A large or “giant” omphalocele forms when there is a failure of lateral inflation of the embryo, resulting in an inadequate abdominal cavity with containment of the abdominal organs only by a thin, transparent membrane called the omphalocele sac.
The smallest omphaloceles also called “spinal hernia,” form later (eight to eleven weeks gestation) after average embryo inflation occurs (resulting in a formed abdominal cavity).
A minor defect usually only contains the intestine when the umbilical ring does not close around the umbilical cord. Small omphaloceles are more likely to be associated with chromosomal defects or syndromes.
Older mothers are at a higher risk of having babies born with an omphalocele. It is a rare defect in one in 4,000 to 7,000 births. Many babies with an omphalocele have other congenital disabilities as well.
How is the condition diagnosed?
The diagnosis of omphalocele is made by ultrasound at 12 weeks. Since babies with omphaloceles are more likely to have congenital disabilities, your doctor will review diagnostic tests for chromosomal or genetic abnormalities.
Amniocentesis may be done to evaluate chromosomal abnormalities or genetic syndromes. You will meet with a genetic counselor who will explain the results of all of these tests.
The baby’s heart will be carefully evaluated for any abnormalities, and a fetal echocardiogram may be ordered if a heart defect is suspected.
If your baby has other problems, you can also meet with specialists like pediatric cardiologists and geneticists.
Doctors will recommend the safest method of delivery for you and your baby based on the size and content of the omphalocele. If the omphalocele is small and does not affect the liver, vaginal delivery may be possible.
Babies with large omphaloceles or liver in omphalocele are received by cesarean section to protect the omphalocele and prevent organs from rupturing or bleeding, which can be life-threatening.
Treatment of an omphalocele
Right after delivery, there will be a transparent, protruding, fluid-filled sac from the womb of the newborn. You may be able to see the contents inside the sac and see the baby’s intestines or other organs.
The baby’s umbilical cord will be at the top of the sac. While the baby is in the delivery room, to protect the intestine to protect intestines, the sac will be kept moist and covered the protection the intestines.
Particular attention is paid to respiratory support, as babies with giant omphaloceles often have tiny lungs and require a breathing tube and ventilator.
The baby will need to be in a particular NICU unit, which cares for sick babies after birth. The neonatologist and pediatric surgeon will work together to decide when the baby should have surgery.
If the newborn’s omphalocele is small enough, surgery can be done shortly after delivery. The pediatric surgeon will return the intestine and other organs to the abdomen and close the opening.
If the omphalocele is larger, the baby’s belly will have to grow large enough to make room for the organs before surgery can be done.
The newborn will undergo immediate surgery if the sac should rupture before the problem is fixed.
Sometimes the omphalocele may be too large to repair right away.
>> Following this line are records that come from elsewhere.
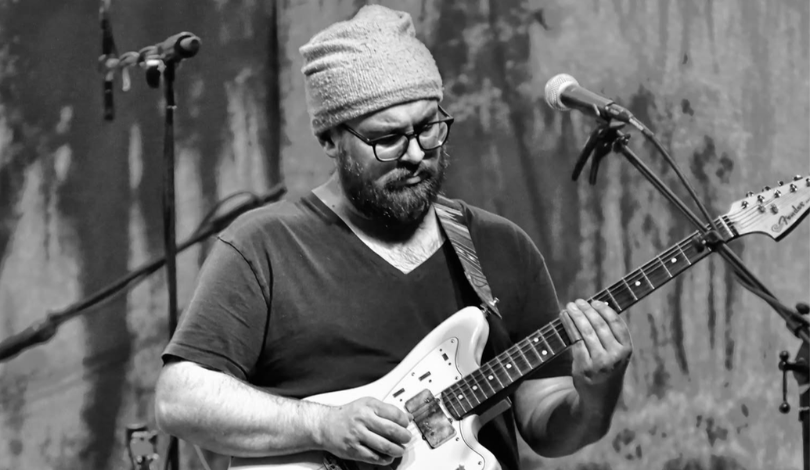 Photo of musician Jerry Lee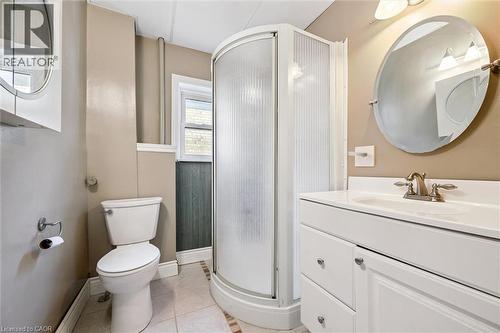 98 William Street W, Waterloo, ON - Indoor Photo Showing Bathroom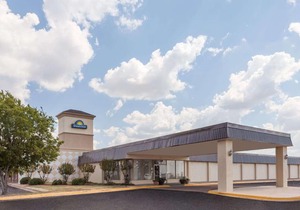 Days Inn by Wyndham Hillsboro TX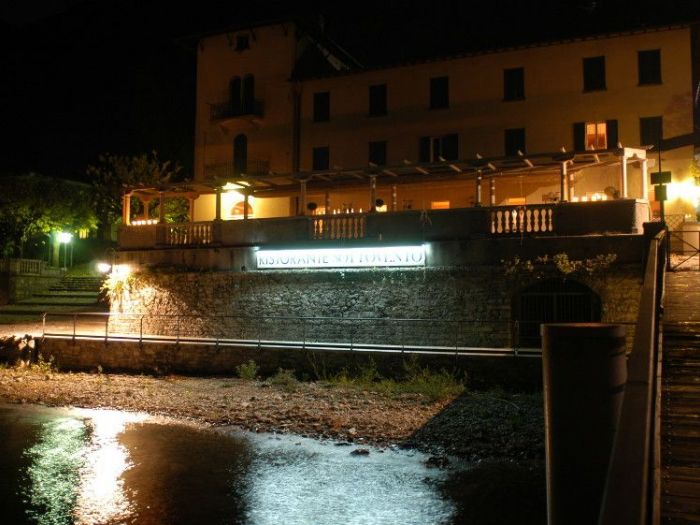 Archisio - Giovanna Azzarello - Progetto Spazi commerciali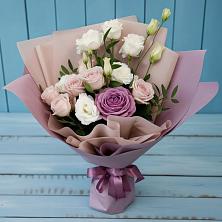 Букет цветов из:  Розы и Лизиантусы в Мельчевке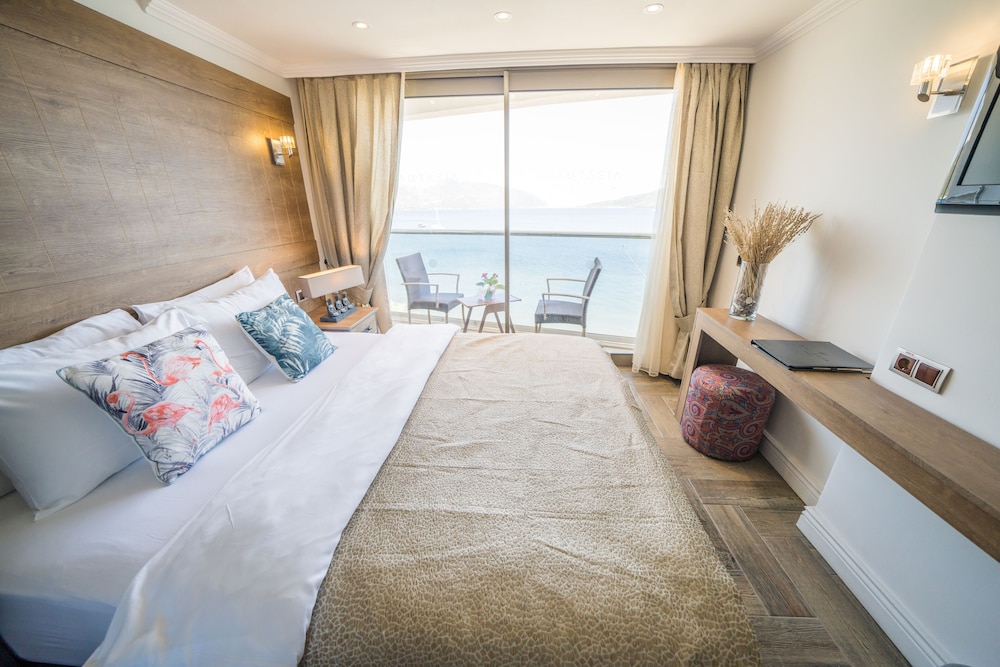 Aurasia Beach Hotel — Hotel rooms in Marmaris, Mugla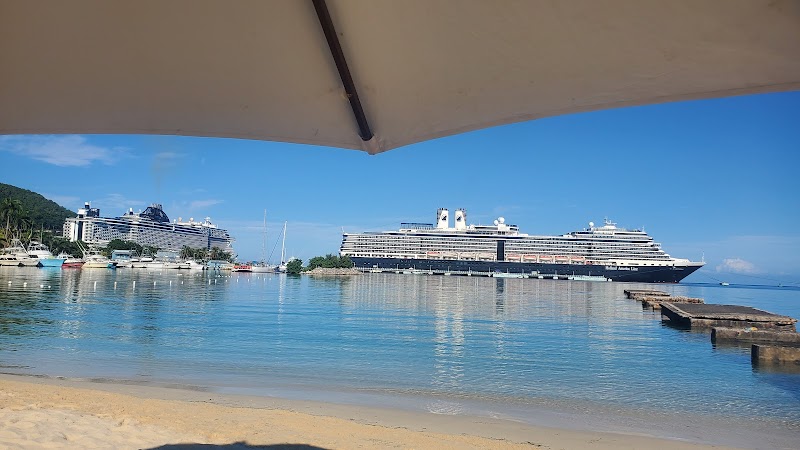 Sun-Kissed Serenity at Ocho Rios Bay Beach - Ocho Rios Bay Beach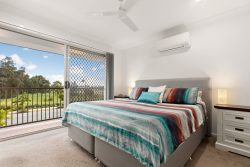 182 Lakeview Promenade, Kippa-Ring QLD 4021, Australia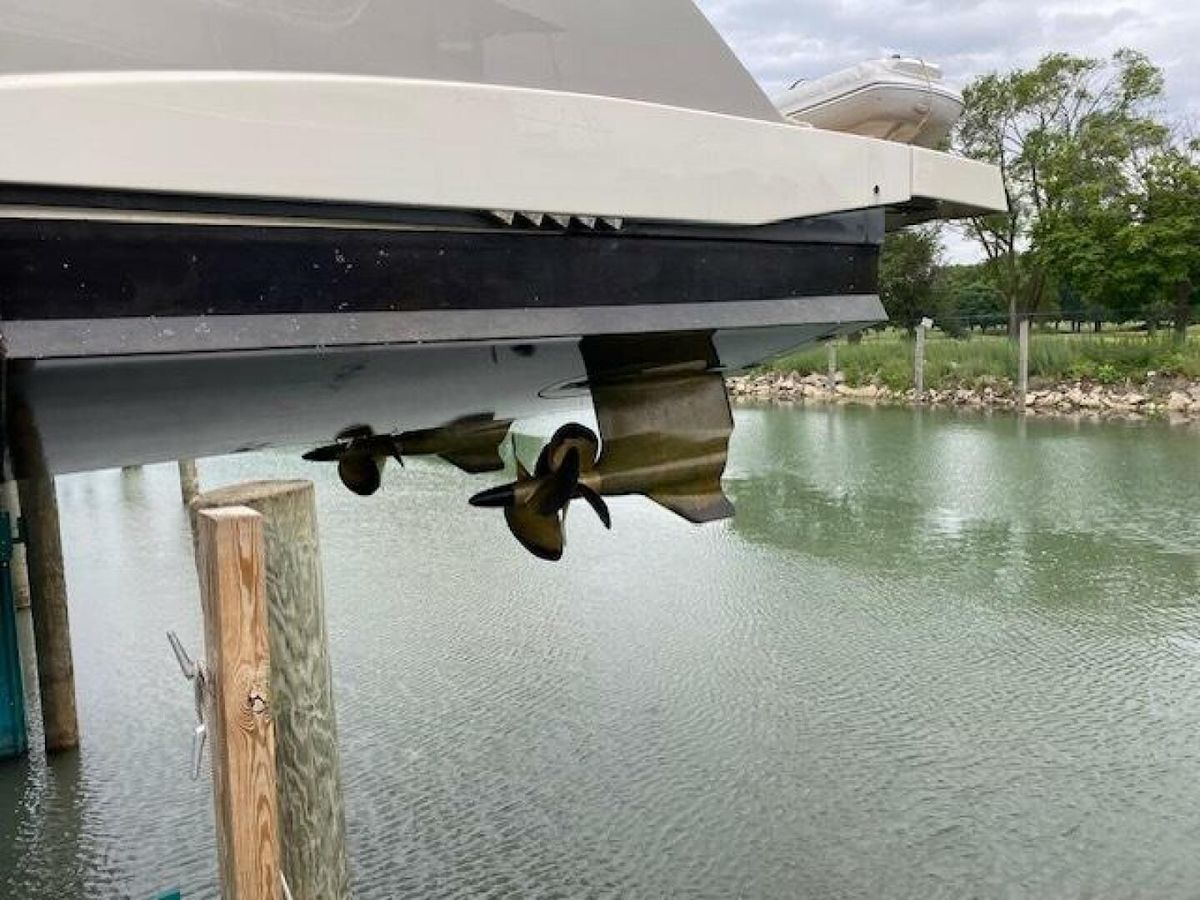 2014 Marquis 63 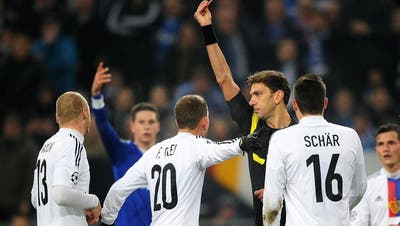 Vier Mann im Offside: Wie Schiri Tagliavento Partei für Schalke ergriff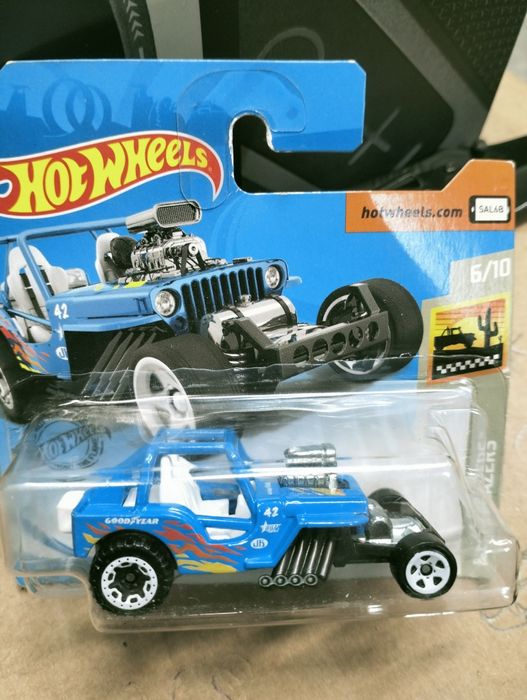 Hot Wheels 42 willys MB Jeep resorek autko nowy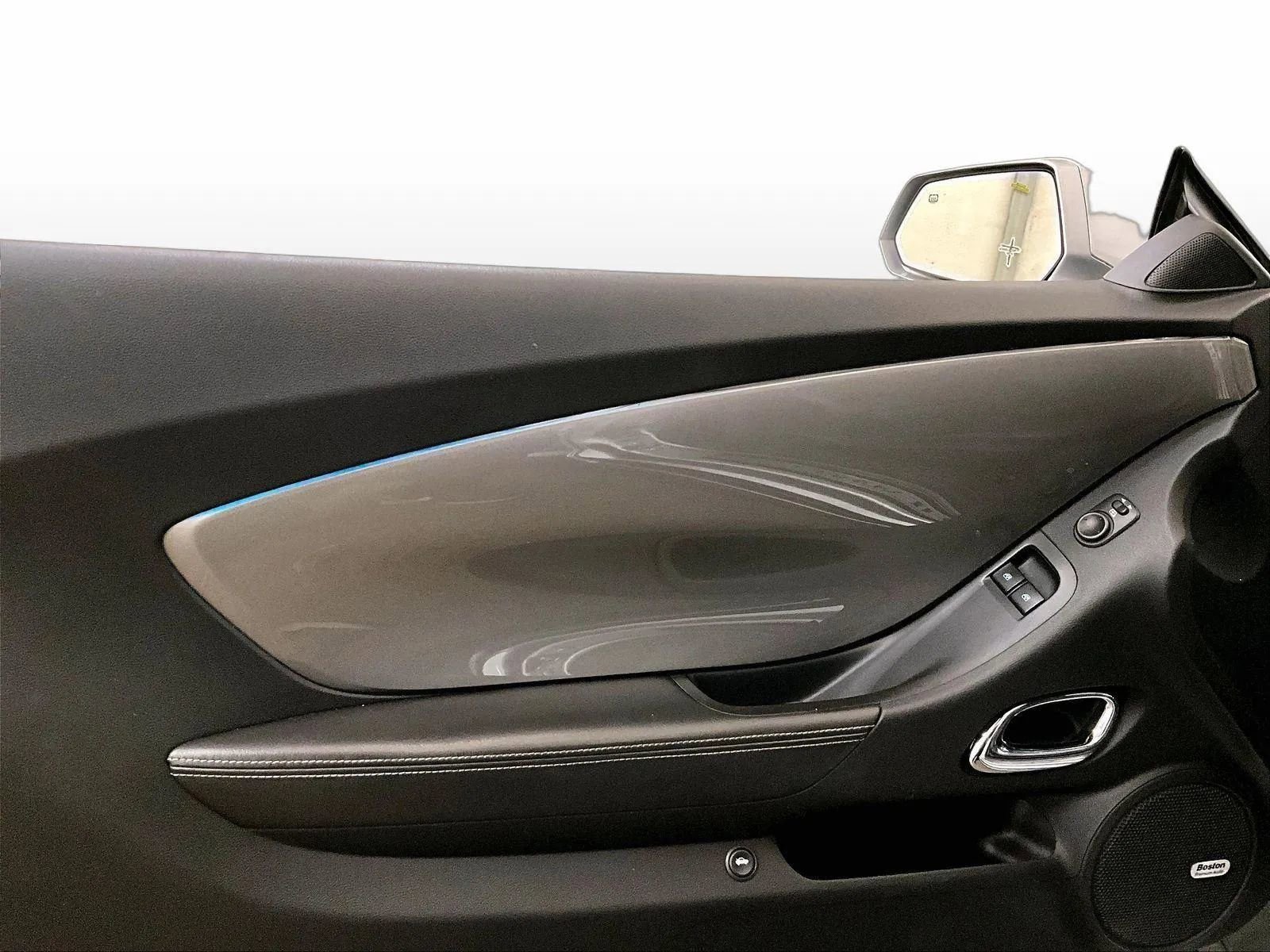 Used 2010 Chevrolet Camaro SS w/ RS Package image 23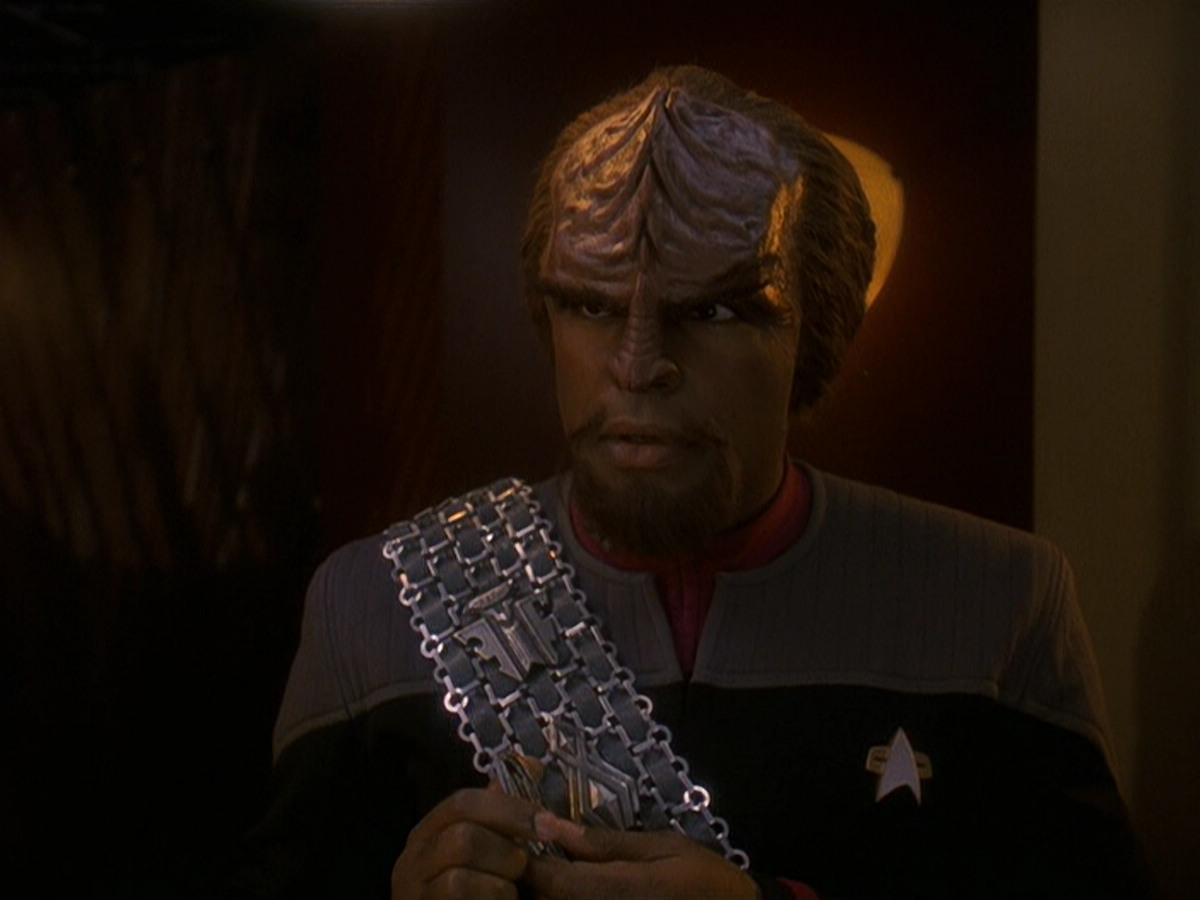 extant_StarTrek_DS9_5x21-SoldiersOfTheEmpire_03745.jpg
The skin will grow to cover the sac with the help of medications, good skincare, and nutrition.
If this happens, the baby will have surgery to close the belly muscles in six to twelve months when the belly is more prominent.
Babies who wait to grow before surgery often go home to their families once they are eating well and the family has learned how to change the bandage and protect the sac.
How will an omphalocele affect the baby during and after surgery?
The survival rate is more than 90% if the baby’s only problem is an omphalocele. The survival rate for babies with an omphalocele and severe problems with other organs is about 70%.
Babies with small omphaloceles and no associated congenital disabilities generally do well with close follow-up by their pediatric surgeon.
The baby may have difficulty eating, reflux, delayed growth, intestinal obstruction, and long-term breathing problems.